A Third Wave In California
The Christian Science Monitor reports on California. “California’s Central Valley already sits at the center of the housing crisis, but high prices and contracting incomes are now compounding the foreclosure problem. Homeowners have mortgages higher than their home’s value, and the payments have gotten beyond their reach, not necessarily because interest rates have risen, but because their budgets have tightened.”
“That’s what happened to Bob Scarpitto. He used to donate his time installing pools for needy families on the TV show ‘Extreme Makeover: Home Edition.’ Mr. Scarpitto’s pool business dried up last year when banks tightened home equity lending.”
“He went from a $300,000 salary to zero trying to keep the business afloat. With no income and a higher cost of living, he lost his modest home to foreclosure. He sold everything, except a prized boat, which he just put on craigslist. In April when he had to hand back the keys of his home.”
“‘I’ve lost everything. I had more when I started the business in late 2000 and I thought [then] I was taking a huge risk,’ says Scarpitto. ‘I’ve been slowly selling it off to keep afloat and try to find gainful employment.’”
“His greatest problem is the tough job market here for anyone connected to the housing sector. ‘No one wants to hire a contractor,’ he says.”
“Scarpitto’s hometown, Merced, now tops the charts with 9.3 percent of first mortgages in delinquency, according to figures from economy.com. Stockton sits at 8.6 percent and Modesto at 8.3 percent. Meanwhile, incomes in the three cities fell by around 4 percent over the past year in terms of purchasing power, according to estimates from AndrĂ©s Carbacho-Burgos, housing economist at Moody’s Economy.com.”

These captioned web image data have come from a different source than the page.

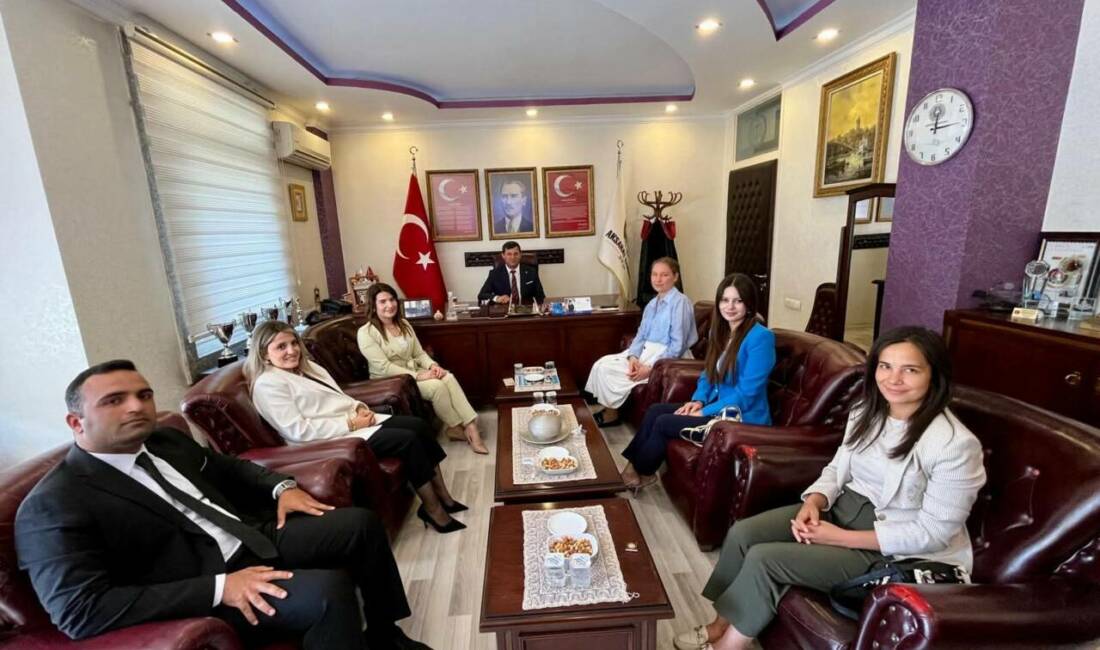 Yeni adlı yılın başlamış olması nedeniyle Aksaray Barosuna ziyaretler gerçekleşiyor.
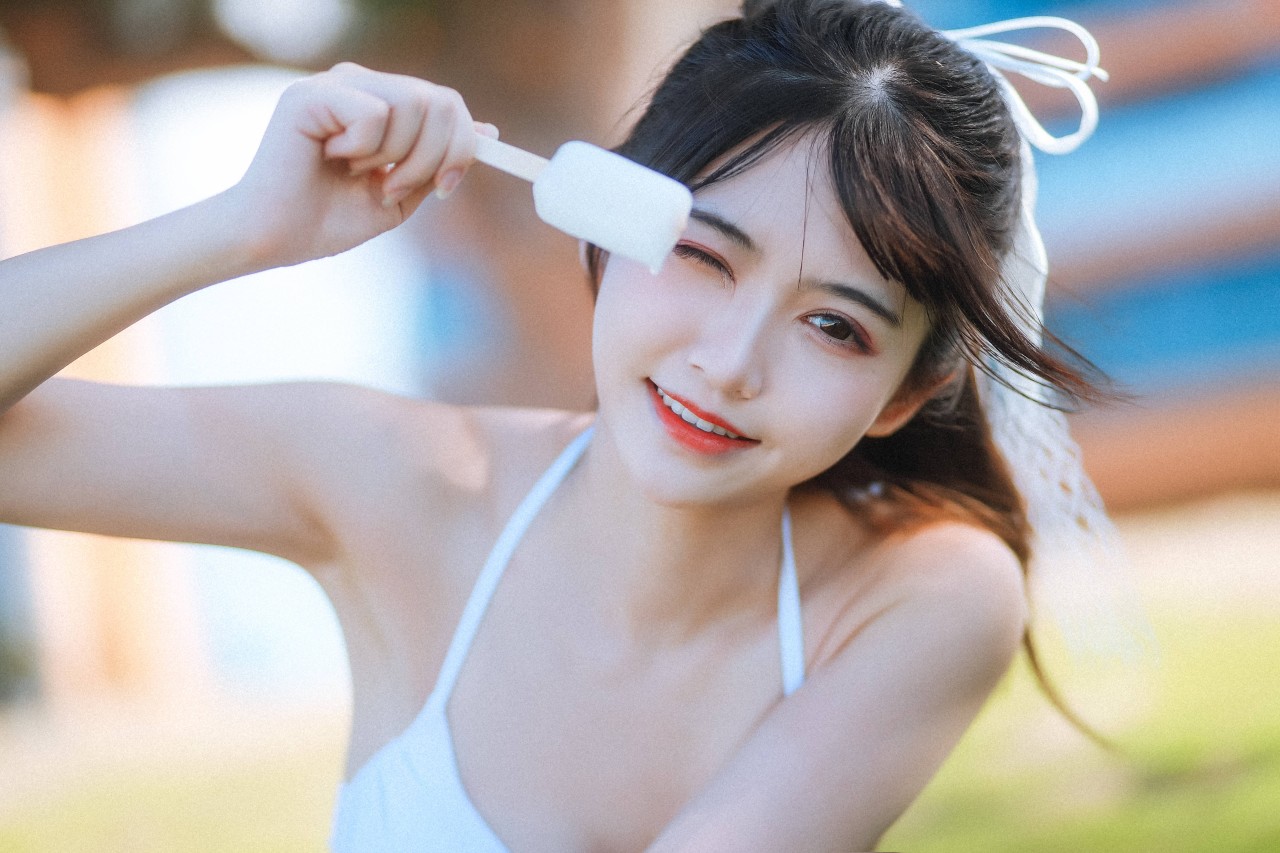 COSER女菩萨“鳗鱼霏儿” 海边比基尼写真在线看 觅爱图采集发布miaitu.top[22]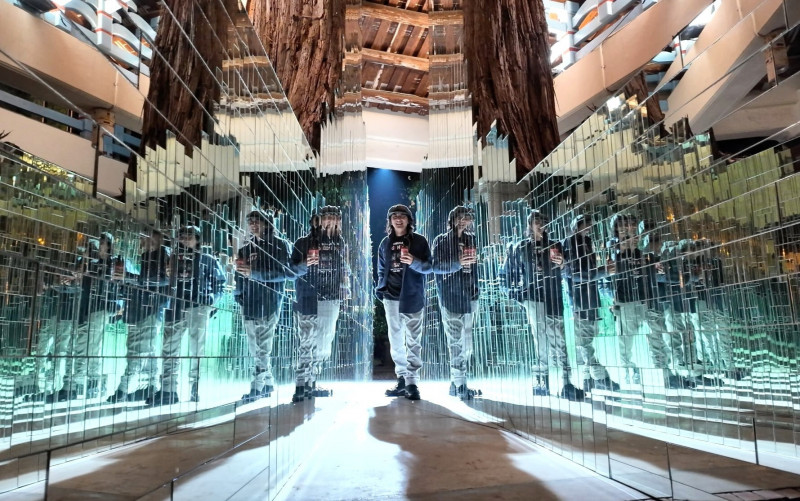 日本藝術家栗林隆，首度在台灣進行創作，在鹽水修德拜亭創作《塩水の樹》，獻給台南人。（台南市文化局提供）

“The tough economy and inflation are piling onto the housing market’s woes, says Merced Mayor Ellie Wooten, who is also a real estate agent. ‘There are so many elements involved in this that realistically it’s terrifying.’”
“In Modesto, city housing official Barbara Kauss worries about a coming ‘third wave’ of foreclosures. The first wave washed over investor properties, the second - peaking in early July - wiped out recent adjustable mortgages whose rates ratcheted up.”

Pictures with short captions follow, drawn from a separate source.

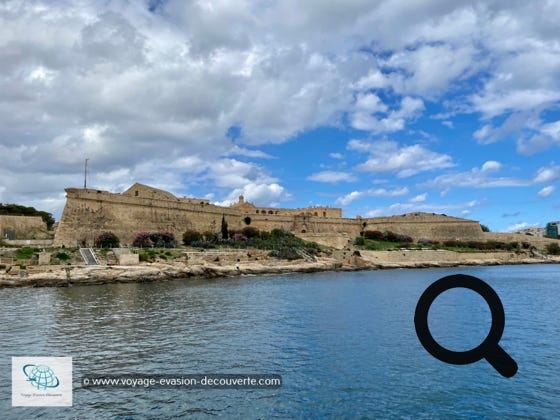 C'est un fort qui se dresse magnifiquement face à la ville de Il-Gżira dans le Marsamxett Harbour face à La Valette et qui protégeait l'accès de ce port ainsi que les mouillages de la crique de Tas-Sliema.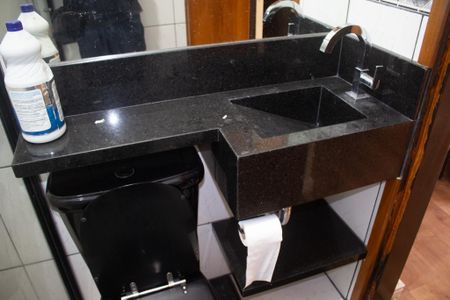 Casa para alugar com 250m², 3 quartos e 2 vagas Casa para alugar com 250m², 3 quartos e 2 vagasBanheiro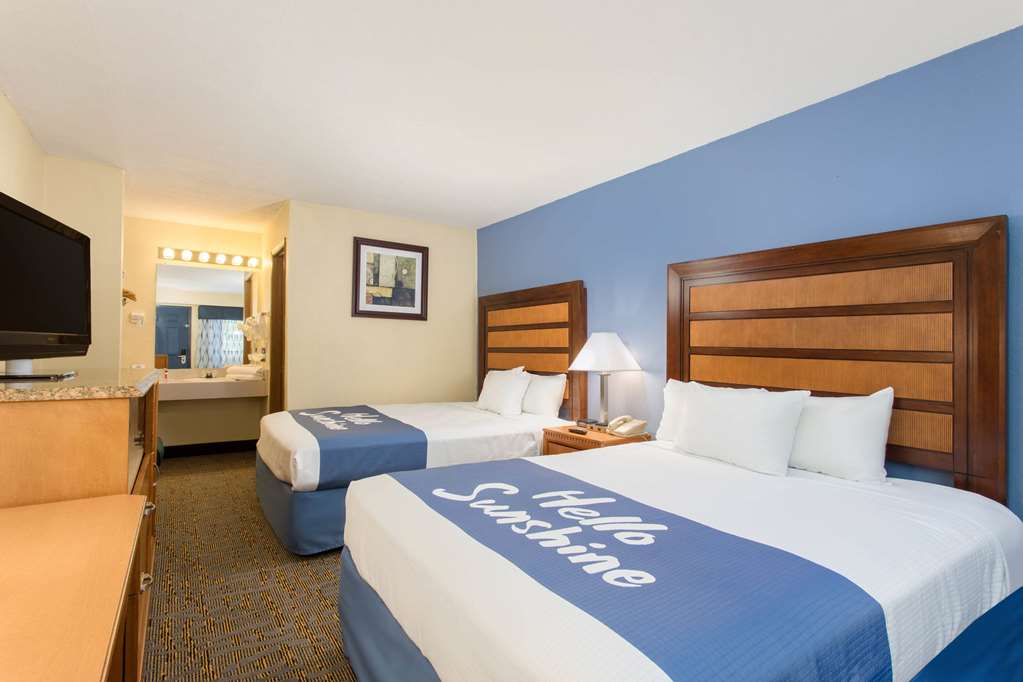 Days Inn by Wyndham Renfro Valley Mount Vernon - photo 13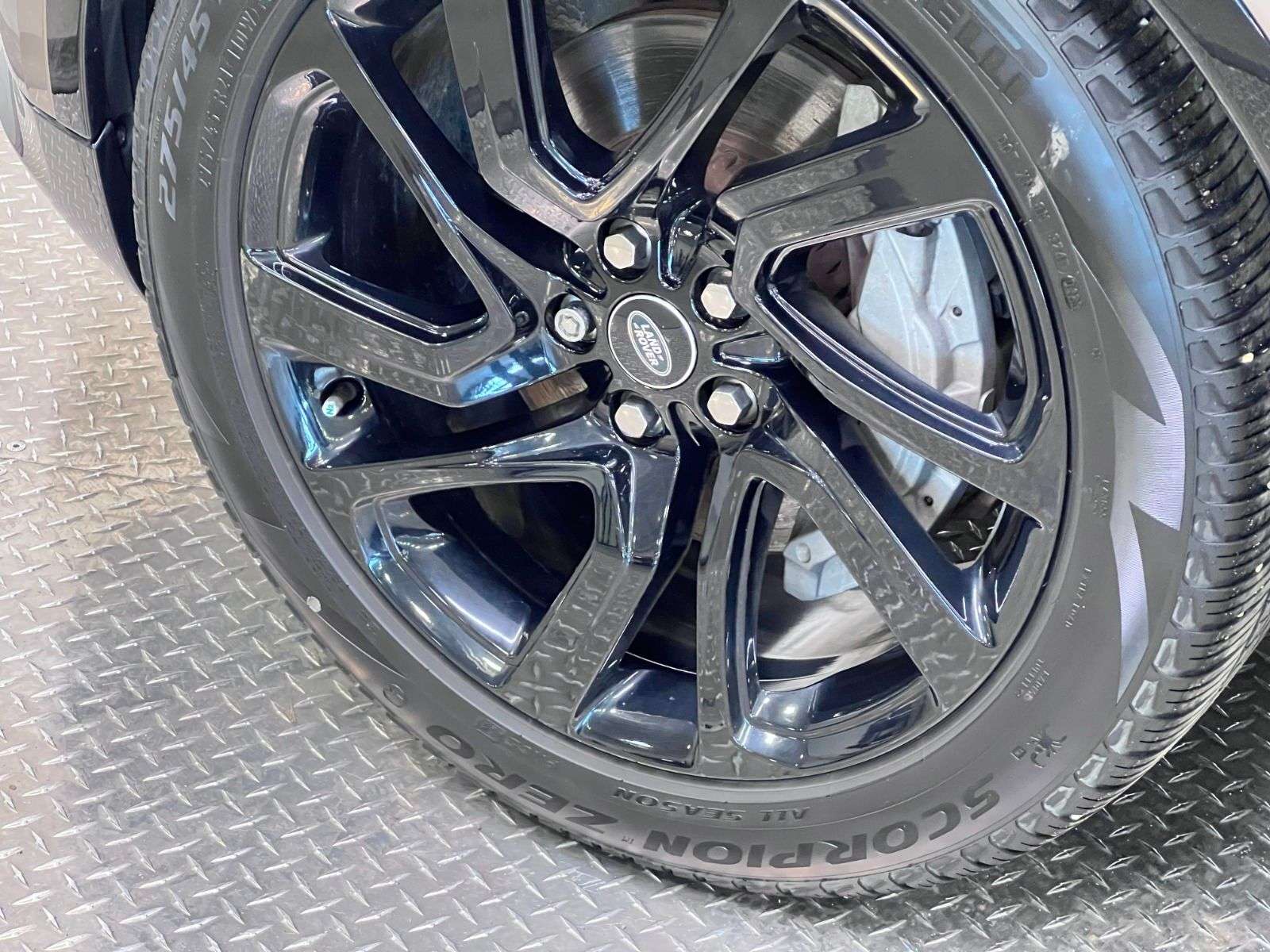 2023 Land Rover Discovery R-DYNAMIC S | P300 thumb 13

“A third wave, she worries, ‘will be people who just truly can’t afford the mortgage payment.’ Even for those who could have afforded it before if they had a fixed rate, ‘that’ll be the last straw: the economy,’ she adds. ‘If someone earning wages in your family was laid off, and food has gone up, and gas has gone up, there’s no more way to reach.’”
The Fresno Bee. “The number of troubled homeowners able to sell their houses for less than their debt on the property is increasing. The number of houses sold in July in Fresno and Clovis through short sales totaled 30, up from 19 in June. Short sales in just those two months topped the 46 in all of 2007, said Don Scordino, president of the Fresno Association of Realtors.”

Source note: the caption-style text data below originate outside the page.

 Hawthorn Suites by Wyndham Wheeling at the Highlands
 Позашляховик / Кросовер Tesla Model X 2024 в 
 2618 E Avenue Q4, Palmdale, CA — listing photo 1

“The story is similar in Visalia, where real estate broker Nancy Riggs said many banks are organizing short-sale divisions to handle the soaring number of requests. Riggs estimated that 17% of the 800 houses for sale in Visalia are potential short sales.”
“Whether those homes close as short sales remains to be seen. Real estate agents say the process can be difficult, time-consuming and frustrating. By some estimates, fewer than 10% of all short-sale attempts succeed, although Realtors expect that percentage to increase.”
“‘There is nothing short about a short sale,’ said Ken Neufeld, a London Properties agent who is spending a large chunk of time trying to close two of them. ‘In the two I’m working, the bank lost the offers twice.’”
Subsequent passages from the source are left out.